Why won’t ELT kill data engineers?

ELT applications promise to get rid of data engineers.  That is pure nonsense meant to attract ignorant investors money:

  • ELT is horrible for big data with continuous ETL proving more effective
  • ELT is often performed on data sources that already underwent ETL by the companies it was purchased from such as Acxiom, Nasdaq, and TransUnion
  • ELT eats resources in a significant way and often limits its use to small data sets
  • ELT ignores issues related to streaming from surveys and other sources which greatly benefit from the requirements analysis and transformations of ETL
  • ELT is horrible for integration tasks where data standards differ or are non-existent
  • You cannot run good AI or build models on poorly or non-standardized data

This means that ETL will continue to be an major part of a data engineers job.

Of course, since data engineers translate business analyst requirements into reality, the job will continue to be secure. Coding may become less important as new products are released but will never go away in the most efficient organizations.

Why is Python Likely to become less popular?

Many people point to Python as a means for making data engineers redundant. This is simply false.

Python is limited. This means that jvm will rise in popularity with data scientist and even analysts as companies want to make money on the backs of their algorithms. This benefits data engineers who are typically proficient in at least Java, Go, or Scala.

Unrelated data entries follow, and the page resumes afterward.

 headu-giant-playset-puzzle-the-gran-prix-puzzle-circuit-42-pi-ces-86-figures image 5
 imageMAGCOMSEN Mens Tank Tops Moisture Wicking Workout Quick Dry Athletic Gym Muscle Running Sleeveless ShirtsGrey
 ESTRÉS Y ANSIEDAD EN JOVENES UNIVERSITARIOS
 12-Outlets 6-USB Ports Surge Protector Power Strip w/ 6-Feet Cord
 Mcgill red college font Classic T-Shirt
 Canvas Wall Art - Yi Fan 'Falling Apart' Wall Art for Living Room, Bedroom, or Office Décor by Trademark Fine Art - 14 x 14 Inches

Python works for developers, analysts, and data scientists who want to control tools written in a more powerful language such as C++ or Java. Pentaho experimented with the language being bought by Hitachi. However, being 60 times slower than the JVM and often requiring three times the resources,  it is not an enterprise-grade language.

Python does not provide power. It is not great at parallelism and is single threaded. Any language can achieve parallelism. Python uses heavy OS threads to perform anything asynchronously. This is horrendous.

Consider the case of using Python’s Celery versus Akka, a Scala and Java-based tool. Celery and Akka perform the same tasks across a distributed system.

Parsing millions of records in celery can quickly eat up more than fifty percent of typical server resources with a mere ten processes. RabbitMQ, the messaging framework behind Celery, can only parse 50 million messages per second on a cluster. Depending on the use case, Celery may also require Redis to run effectively. This means that an 18 logical core server with 31 gigabytes of RAM can be severely bogged down processing tasks.

Akka, on the other hand, is the basis for Apache Spark. It is lightweight and all inclusive. 50 million messages per second are attainable with 10 million actors running concurrently at much less than fifty percent of typical servers resources. With not every use case requiring spark, even in data engineering, this is an outstanding difference. Not needing a message routing and results backend means that less skill is required for deployment as well.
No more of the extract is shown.